Les cachalots donnent la chasse aux phoques, aux dauphins, aux cycloptères et aux baleines à bec. Le grand cachalot poursuit avec acharnement le requin, dont il fait sa nourriture ordinaire, et cet animal, d'ailleurs si formidable, est saisi d'une telle frayeur à la vue de cet ennemi terrible qu'il va se cacher dans la terre ou sous le sable pour se soustraire à sa dent meurtrière ; quelquefois, se voyant assailli de toutes parts, il se précipite à travers les rochers et se frappe avec tant de violence qu'il se donne lui-même la mort, tant est grande la terreur dont il est pénétré ! "Cet effroi va même si loin, ajoute M. Otho Fabricius, que ce chien de mer, qui recherche avec tant d'avidité le cadavre des autres cétacés, n'ose pas même s'approcher de celui du grand cachalot."
Le cachalot microps n'attaque guère que les phoques, qui prennent la fuite aussitôt qu'ils l'ont aperçu : les uns gagnent précipitamment le rivage, les autres grimpent sur les glaçons ; alors si le cachalot est seul, il se cache sous les glaces et attrape les phoques à mesure qu'ils redescendent dans l'eau, et lorsqu'il y a plusieurs cachalots réunis, ce qui arrive communément, ils entourent le glaçon, le renversent et se saisissent de leur proie.

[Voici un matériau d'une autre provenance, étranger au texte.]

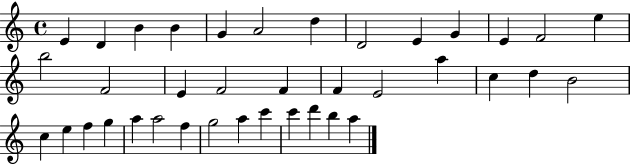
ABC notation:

X:1
T:Untitled
M:4/4
L:1/4
K:C
E D B B G A2 d D2 E G E F2 e b2 F2 E F2 F F E2 a c d B2 c e f g a a2 f g2 a c' c' d' b a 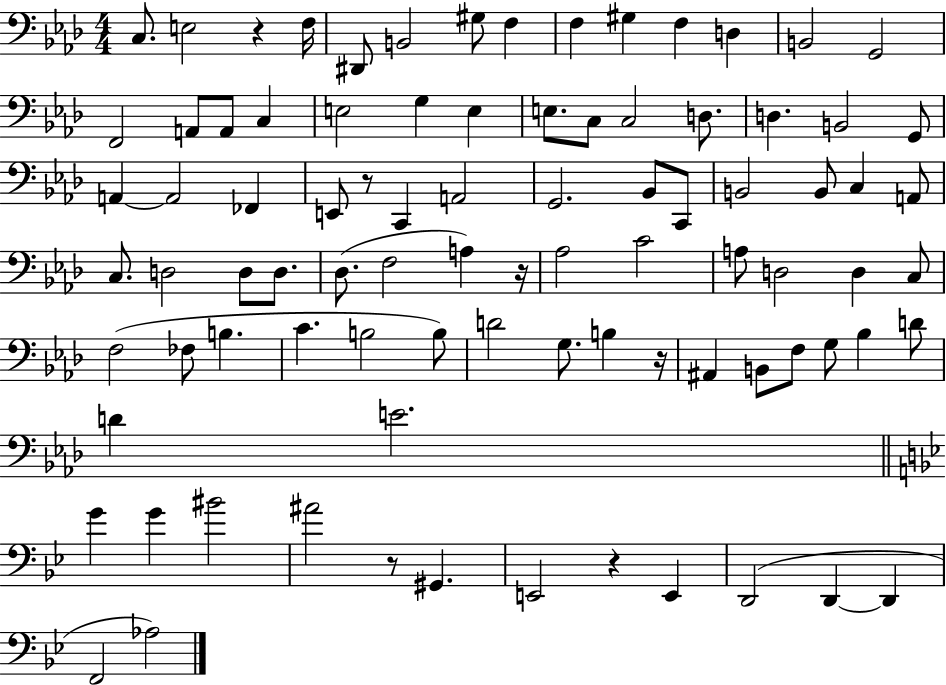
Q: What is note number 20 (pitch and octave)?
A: E3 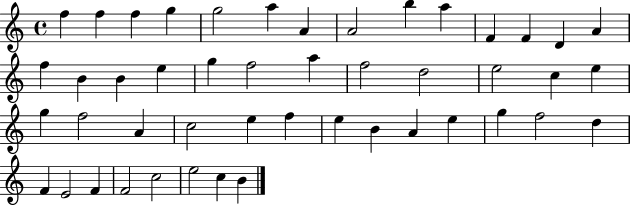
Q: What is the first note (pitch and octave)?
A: F5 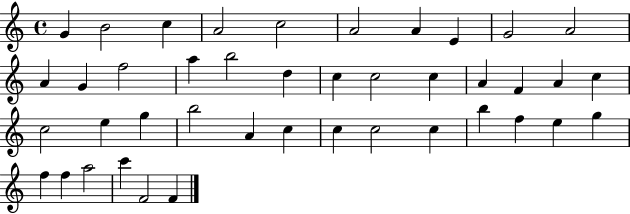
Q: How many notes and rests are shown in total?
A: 42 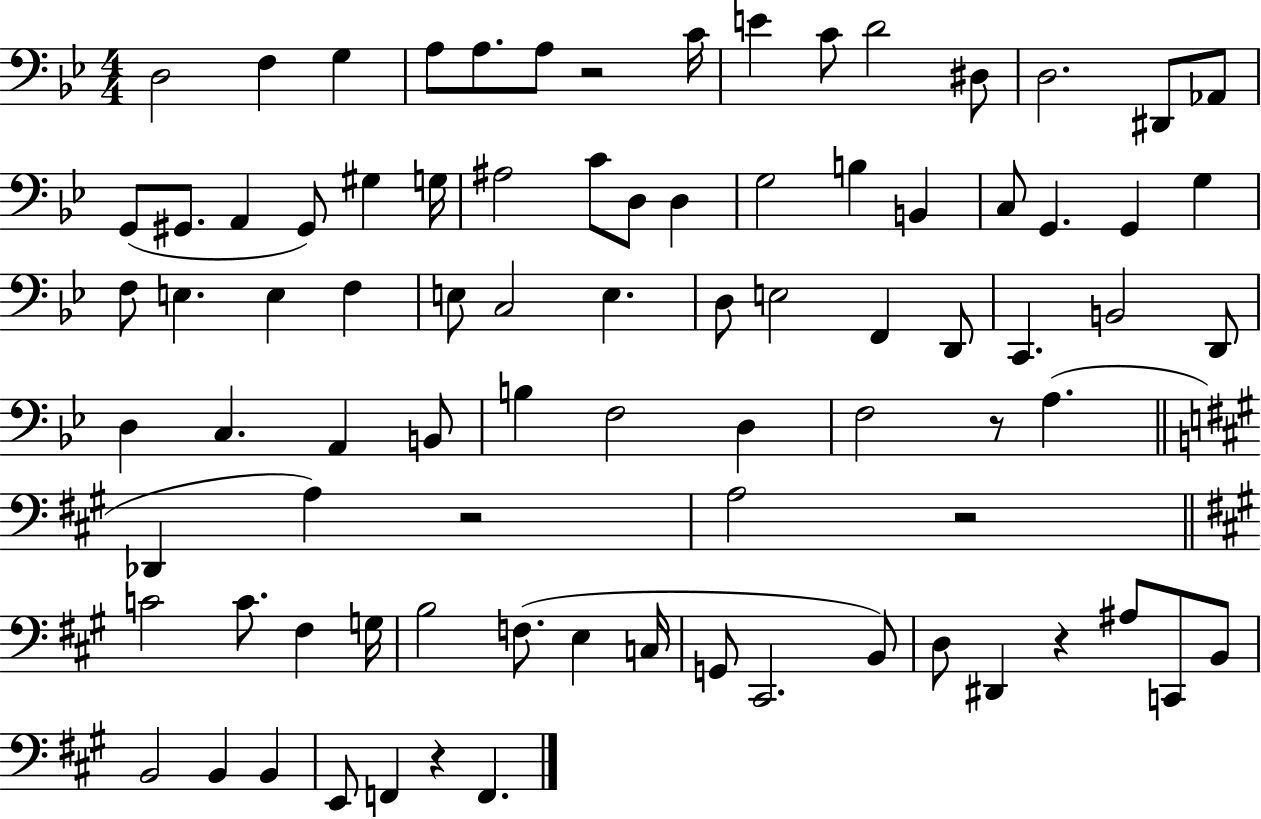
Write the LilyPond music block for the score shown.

Les dauphins vivent de morues, d'aiglefins, de persèques, de pleuronectes et de beaucoup d'autres poissons d'une grandeur médiocre. L'épaulard est, dit-on, le plus hardi, le plus vorace et le plus fort de cette famille ; presque tous les naturalistes s'accordent à dire qu'il attaque même les grosses baleines, qu'il les met en fuite et qu'il est cause qu'elles viennent souvent échouer sur nos côtes. » (Introduction p. 18.)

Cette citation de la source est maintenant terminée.